By his own admission, Lee Hsien Loong’s “sorry” on Tuesday is meant to establish an “emotional connection” with the people. He reveals, too that he had “considered carefully” before saying it and found it “a suitable message to Singaporeans at this stage of the campaign.”

If we think about what it means to say sorry, we might realize that saying sorry is to express remorse and perhaps a suggest a resolve to repent. We might add that a genuine apology does not come with the expectation of forgiveness because people cannot choose whether to feel remorseful or not when they truly see that they have done wrong. When I realize that I have done something wrong, I will feel remorseful and may decide to apologize or to keep quiet in shame. If I do decide to apologize when I am remorseful, it will be an act of humility. It will indicate a readiness to bear the consequences or even to be punished. If I am truly remorseful, it will be impossible to decide to apologize so as to establish an emotional connection and to calculate the potential benefits I might reap from the apology and time the apology such that it will be to be my benefit. Such an apology would not be an apology, but another wrongdoing. In fact, it would be an act of devious self-righteousness rather than one of humility. This apology by an apologist would seem to be the sort of apology that is made to build “emotional connection” and that is timed perfectly to win votes in an election campaign.
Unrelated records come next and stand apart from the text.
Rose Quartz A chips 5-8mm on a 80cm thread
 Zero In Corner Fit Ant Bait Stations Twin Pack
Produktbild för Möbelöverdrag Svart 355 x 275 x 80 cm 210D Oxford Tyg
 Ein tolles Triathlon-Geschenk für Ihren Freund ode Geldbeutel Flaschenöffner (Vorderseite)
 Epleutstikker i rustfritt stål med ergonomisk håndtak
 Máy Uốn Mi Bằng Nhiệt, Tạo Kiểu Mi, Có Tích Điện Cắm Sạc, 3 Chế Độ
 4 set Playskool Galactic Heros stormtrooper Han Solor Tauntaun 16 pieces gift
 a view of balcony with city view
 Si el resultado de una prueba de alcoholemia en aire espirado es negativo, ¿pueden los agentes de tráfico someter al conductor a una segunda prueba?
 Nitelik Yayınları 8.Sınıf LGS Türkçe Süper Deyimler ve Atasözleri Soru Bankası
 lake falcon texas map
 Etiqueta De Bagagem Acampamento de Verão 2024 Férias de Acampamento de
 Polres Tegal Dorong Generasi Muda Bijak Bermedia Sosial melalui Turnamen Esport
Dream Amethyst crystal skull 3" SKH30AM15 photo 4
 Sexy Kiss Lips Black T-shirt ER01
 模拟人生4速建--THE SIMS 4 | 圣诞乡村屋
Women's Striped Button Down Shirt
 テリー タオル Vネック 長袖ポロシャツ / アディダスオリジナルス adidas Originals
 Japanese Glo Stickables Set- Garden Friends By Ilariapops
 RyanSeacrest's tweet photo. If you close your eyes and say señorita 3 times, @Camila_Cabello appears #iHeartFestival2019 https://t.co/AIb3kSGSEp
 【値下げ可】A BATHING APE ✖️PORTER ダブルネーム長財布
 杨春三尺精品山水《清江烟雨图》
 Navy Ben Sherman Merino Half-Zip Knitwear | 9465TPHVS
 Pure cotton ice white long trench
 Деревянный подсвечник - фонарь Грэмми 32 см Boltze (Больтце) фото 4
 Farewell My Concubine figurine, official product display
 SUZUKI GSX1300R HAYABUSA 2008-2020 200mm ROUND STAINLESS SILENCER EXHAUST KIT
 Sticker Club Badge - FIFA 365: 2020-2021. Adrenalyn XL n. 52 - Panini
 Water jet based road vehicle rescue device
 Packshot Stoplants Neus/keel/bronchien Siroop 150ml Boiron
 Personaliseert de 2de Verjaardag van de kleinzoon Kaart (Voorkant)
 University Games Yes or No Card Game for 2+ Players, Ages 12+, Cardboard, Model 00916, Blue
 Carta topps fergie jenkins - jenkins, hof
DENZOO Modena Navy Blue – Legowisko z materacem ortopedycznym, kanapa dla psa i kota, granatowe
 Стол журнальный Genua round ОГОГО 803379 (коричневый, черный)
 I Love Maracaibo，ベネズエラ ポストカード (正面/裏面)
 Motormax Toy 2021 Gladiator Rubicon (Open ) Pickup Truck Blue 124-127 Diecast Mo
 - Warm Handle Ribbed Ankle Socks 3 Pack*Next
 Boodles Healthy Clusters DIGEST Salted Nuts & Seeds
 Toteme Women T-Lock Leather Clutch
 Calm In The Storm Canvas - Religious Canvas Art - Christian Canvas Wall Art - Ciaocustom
Of course, between doing something wrong and making an apology, the critical step of feeling remorseful can always be skipped. To skilful mathematicians who make calculated moves, an apology is a commodity that is sometimes worth investing in. So what if you have to take a bite of the humble pie and chew it when you can immediately turn aside to spit it out? There is, of course, no way to stop anyone from accepting a calculated apology from Lee, though an unapologetic apology could meet its match in an unaccepting acceptance. Accept the apology to benefit from the admission of wrongdoing. Accept the apology, reject the apologist.

If we were to simply ignore the need for that critical step and to assume that sincerity is present where there is none, we could also end up with a few interesting question. Regardless of the sincerity of Lee’s apology, we may take the apology as an admission of wrongdoing—or, in his words, not getting things right. And we should remember that this is an admission coming from someone who represents a political party that often boasts of having sustained an excellent track record and whose key edge against other parties in the coming General Election is its supposed track record. But what track record now if the party has screwed up so badly that one of its key members has to apologize. In other words, it is possible to let the apologist destroy his line of defense if we would just open our eyes wider.

Singaporeans may have started to sell their alle(e)giance for an apology that loses all value the moment it is accepted without reservation. But it is not too late to remind ourselves that the admission of a mistake should not, in this case, come with an absolution from punishment. To use a religious analogy, if the PAP has made a mistake and is apologizing for it (which is perhaps not quite what its doing), it is important to send the party to the purgatory for at least five years instead. In the next five years, if it proves to be a false repenter, it shall never go to heaven. And we will not have this political purgatory for the PAP if we do no’t vote for the opposition, if too few of us vote for the opposition. We do not want to be condemned to a living hell by the very people we hesitate to send to the purgatory. We will not even be able to feel sorry for ourselves by then.